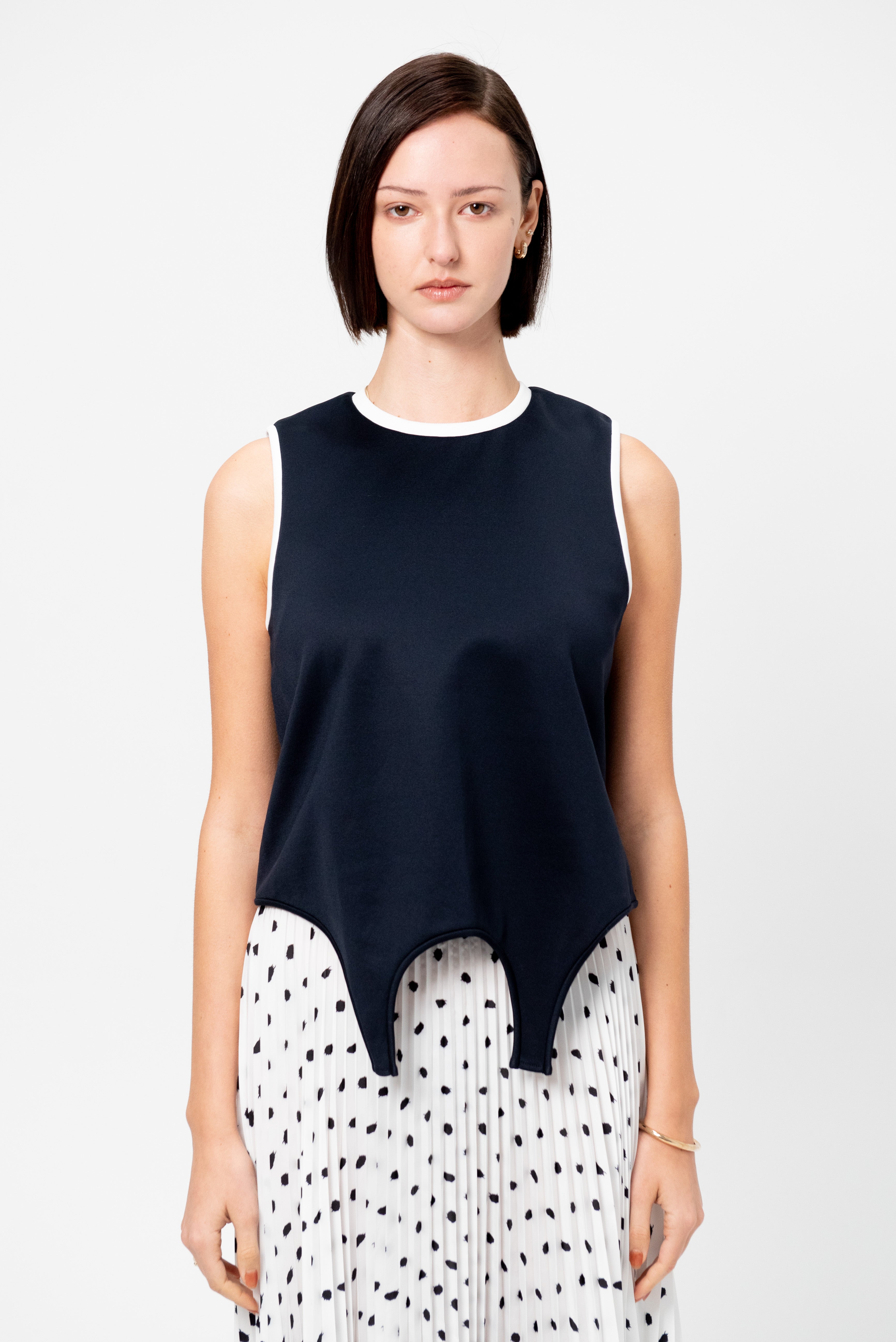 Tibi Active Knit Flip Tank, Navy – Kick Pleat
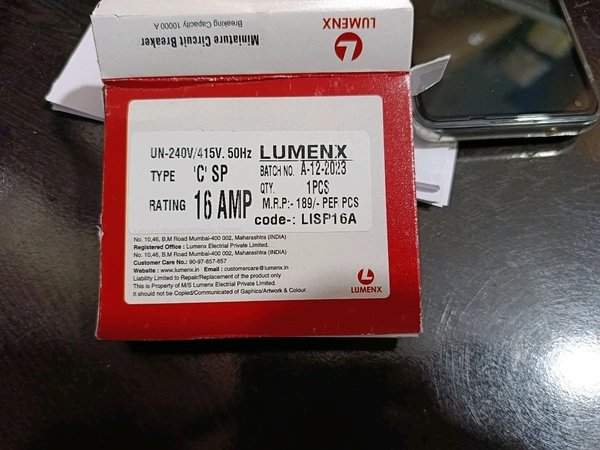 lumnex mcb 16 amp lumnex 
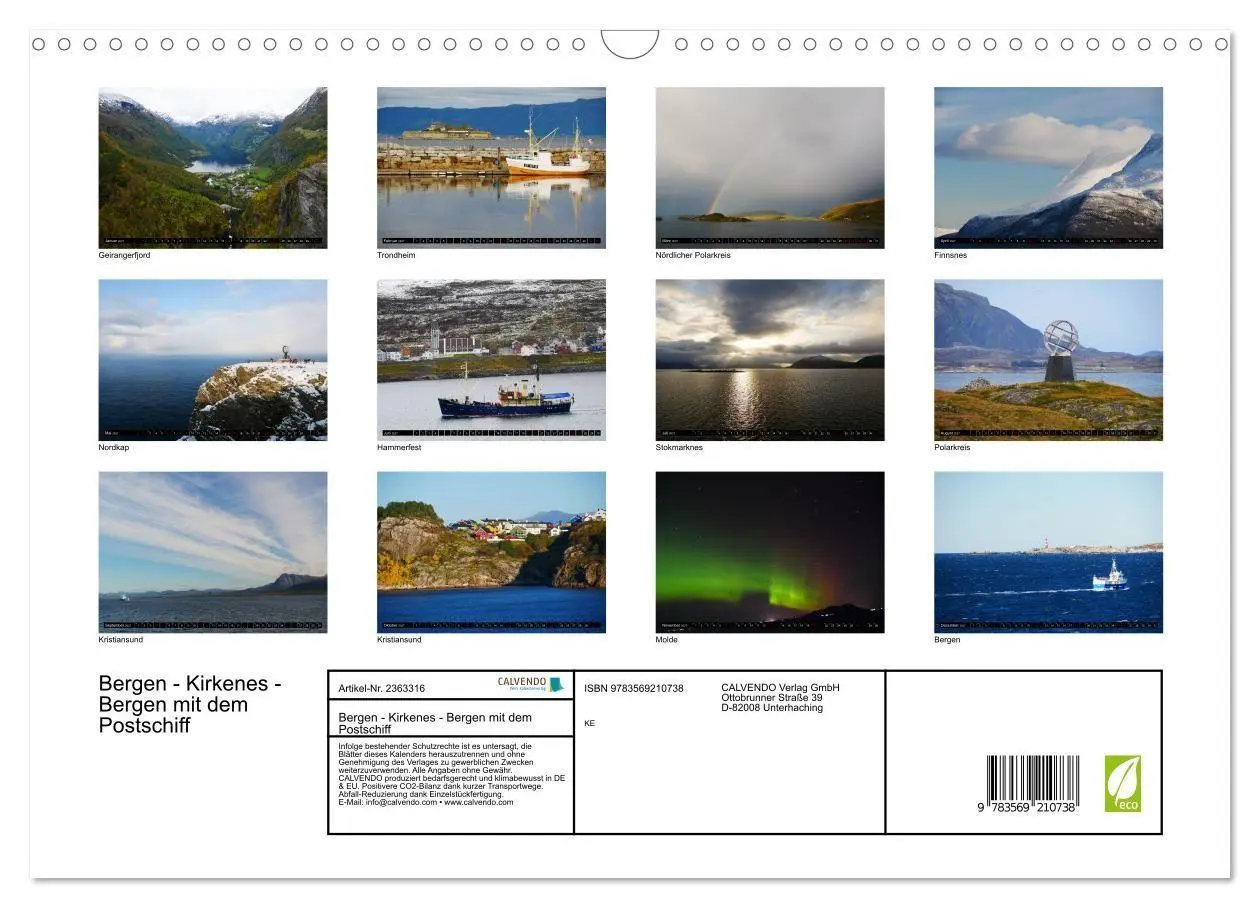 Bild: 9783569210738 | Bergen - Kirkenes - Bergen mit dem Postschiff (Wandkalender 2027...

==

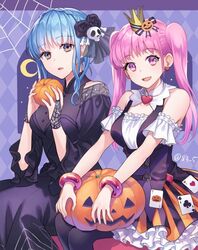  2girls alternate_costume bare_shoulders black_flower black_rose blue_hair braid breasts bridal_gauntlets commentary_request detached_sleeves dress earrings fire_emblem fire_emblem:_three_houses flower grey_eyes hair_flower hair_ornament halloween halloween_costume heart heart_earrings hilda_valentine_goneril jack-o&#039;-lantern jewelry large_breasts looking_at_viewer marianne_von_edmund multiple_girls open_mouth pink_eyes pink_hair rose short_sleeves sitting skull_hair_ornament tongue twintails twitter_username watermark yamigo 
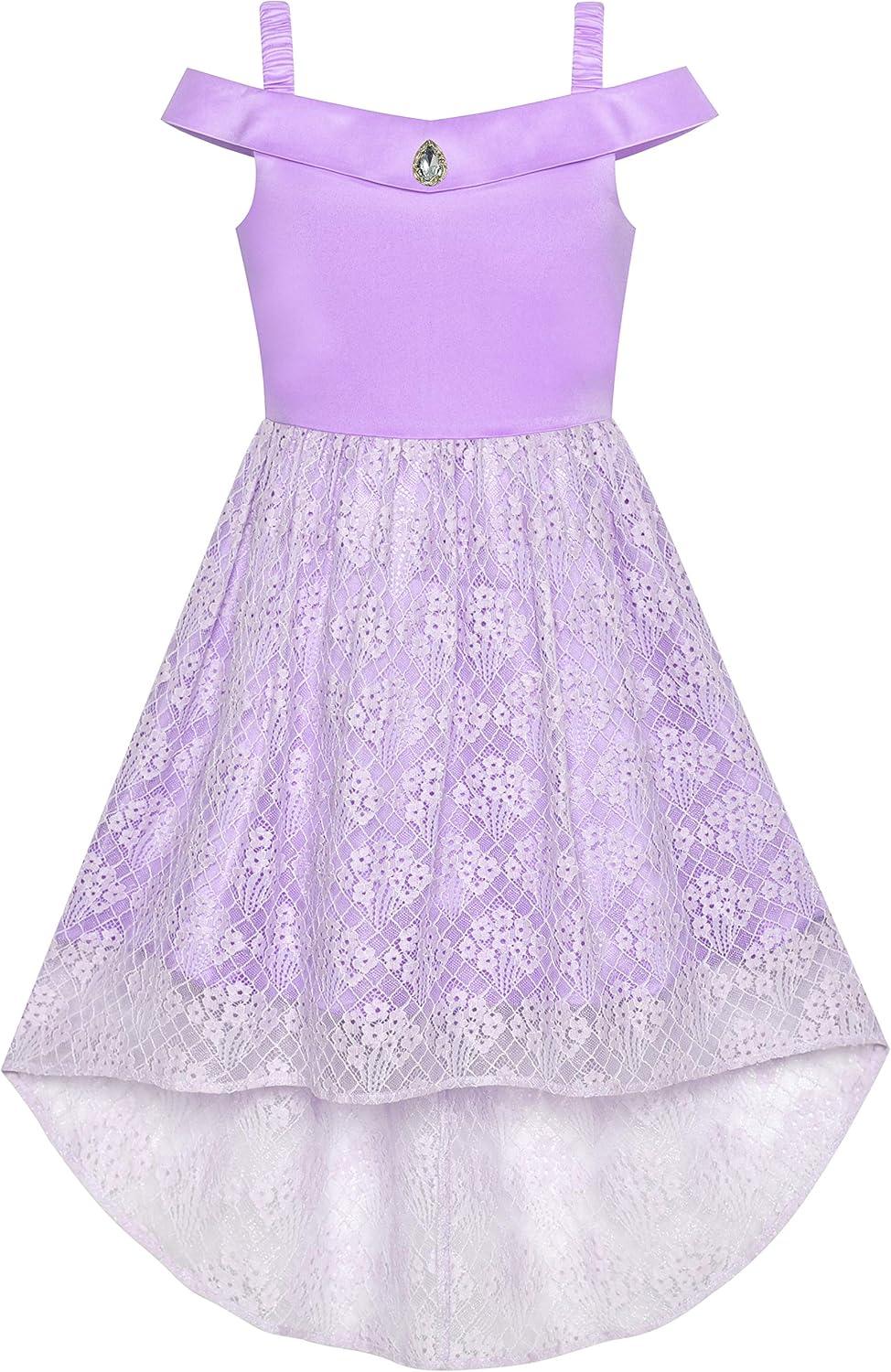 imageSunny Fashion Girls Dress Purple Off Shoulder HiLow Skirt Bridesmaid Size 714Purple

**Requirement**
Starting with the line that has "Tibi Active Knit" and going on through the line that has "Bild: 9783569210738 |", transcribe the records above exactly, but skip the pictures.

**Result of this exercise**
 Tibi Active Knit Flip Tank, Navy – Kick Pleat
 lumnex mcb 16 amp lumnex 
 Bild: 9783569210738 | Bergen - Kirkenes - Bergen mit dem Postschiff (Wandkalender 2027...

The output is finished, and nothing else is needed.